Allen returned to the University of Kentucky in 1948 and was named the football team's offensive coordinator under Bryant. Blanton Collier, who had been a backfield coach for the Browns, succeeded Bryant as Kentucky head coach in 1954. Collier kept Allen on his staff but switched him to defensive coordinator. Allen remained an avid golfer as he continued his coaching career, winning the Kentucky Amateur Golf Championship in 1955 and 1958. He came in second place in the tournament in 1956 and tied for first place in a tri-state championship.

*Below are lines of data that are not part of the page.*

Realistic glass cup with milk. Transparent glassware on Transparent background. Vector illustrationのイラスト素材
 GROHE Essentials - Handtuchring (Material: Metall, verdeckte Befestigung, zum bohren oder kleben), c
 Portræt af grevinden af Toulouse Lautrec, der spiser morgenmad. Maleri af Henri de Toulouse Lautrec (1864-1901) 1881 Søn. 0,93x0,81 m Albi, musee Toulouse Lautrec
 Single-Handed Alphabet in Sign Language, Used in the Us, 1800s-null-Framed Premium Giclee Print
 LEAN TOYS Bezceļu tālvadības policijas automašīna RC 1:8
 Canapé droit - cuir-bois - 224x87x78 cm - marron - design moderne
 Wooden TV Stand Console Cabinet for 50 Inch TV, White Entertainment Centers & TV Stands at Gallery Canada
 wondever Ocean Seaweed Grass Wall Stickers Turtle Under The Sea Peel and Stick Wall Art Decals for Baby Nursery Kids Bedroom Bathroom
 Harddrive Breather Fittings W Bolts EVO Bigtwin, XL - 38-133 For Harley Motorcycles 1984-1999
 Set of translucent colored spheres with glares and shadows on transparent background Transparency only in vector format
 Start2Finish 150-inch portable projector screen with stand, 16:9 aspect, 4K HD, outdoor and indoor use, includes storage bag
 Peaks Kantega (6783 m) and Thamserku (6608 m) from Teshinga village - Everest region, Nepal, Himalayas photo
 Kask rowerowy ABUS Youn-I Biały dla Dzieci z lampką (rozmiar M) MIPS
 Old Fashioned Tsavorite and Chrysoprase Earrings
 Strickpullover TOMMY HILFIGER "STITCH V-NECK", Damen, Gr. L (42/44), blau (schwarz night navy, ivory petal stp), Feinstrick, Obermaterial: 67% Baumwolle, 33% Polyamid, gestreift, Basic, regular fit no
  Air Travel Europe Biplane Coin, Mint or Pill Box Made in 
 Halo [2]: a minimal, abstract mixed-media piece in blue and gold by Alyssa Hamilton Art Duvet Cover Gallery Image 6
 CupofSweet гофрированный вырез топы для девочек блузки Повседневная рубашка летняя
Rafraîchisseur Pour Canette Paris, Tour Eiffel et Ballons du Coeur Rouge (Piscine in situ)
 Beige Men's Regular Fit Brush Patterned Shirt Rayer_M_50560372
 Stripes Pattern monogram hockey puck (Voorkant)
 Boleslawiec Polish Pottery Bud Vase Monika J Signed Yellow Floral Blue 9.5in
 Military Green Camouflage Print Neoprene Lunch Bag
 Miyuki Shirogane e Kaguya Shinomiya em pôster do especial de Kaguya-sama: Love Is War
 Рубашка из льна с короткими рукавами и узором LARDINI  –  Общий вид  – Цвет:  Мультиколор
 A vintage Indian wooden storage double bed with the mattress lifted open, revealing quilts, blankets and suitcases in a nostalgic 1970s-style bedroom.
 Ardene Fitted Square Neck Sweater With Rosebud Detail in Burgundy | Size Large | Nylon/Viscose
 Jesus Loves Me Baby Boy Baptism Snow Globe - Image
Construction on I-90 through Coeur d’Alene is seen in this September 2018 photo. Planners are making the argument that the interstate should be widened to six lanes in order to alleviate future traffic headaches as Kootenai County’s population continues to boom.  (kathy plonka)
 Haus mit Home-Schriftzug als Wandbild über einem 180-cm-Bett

Allen left Kentucky in 1962 to become a backfield coach for the NFL's Dallas Cowboys under head coach Tom Landry. In 1970, he became a special assistant to Landry and headed the Cowboys' research and development department. In that role, he was responsible for scouting all of the Cowboys' opponents. The Cowboys won Super Bowl VI in 1972 while Allen was with the team. Allen suffered a heart attack before the 1973 season, but remained with the team until 1983.

==Death==

Allen died of cancer in 1988 at the Presbyterian Hospital of Dallas. "He was a tremendous coach, as well as a real bright type of guy who had a statistical mind," Landry said after his death. "He could keep up with anything." Landry also praised his sense of humor. Eugene Meeks, who played college football with Allen, said he was one of Kentucky's best-ever athletes and a dominant golf player during his time at the university.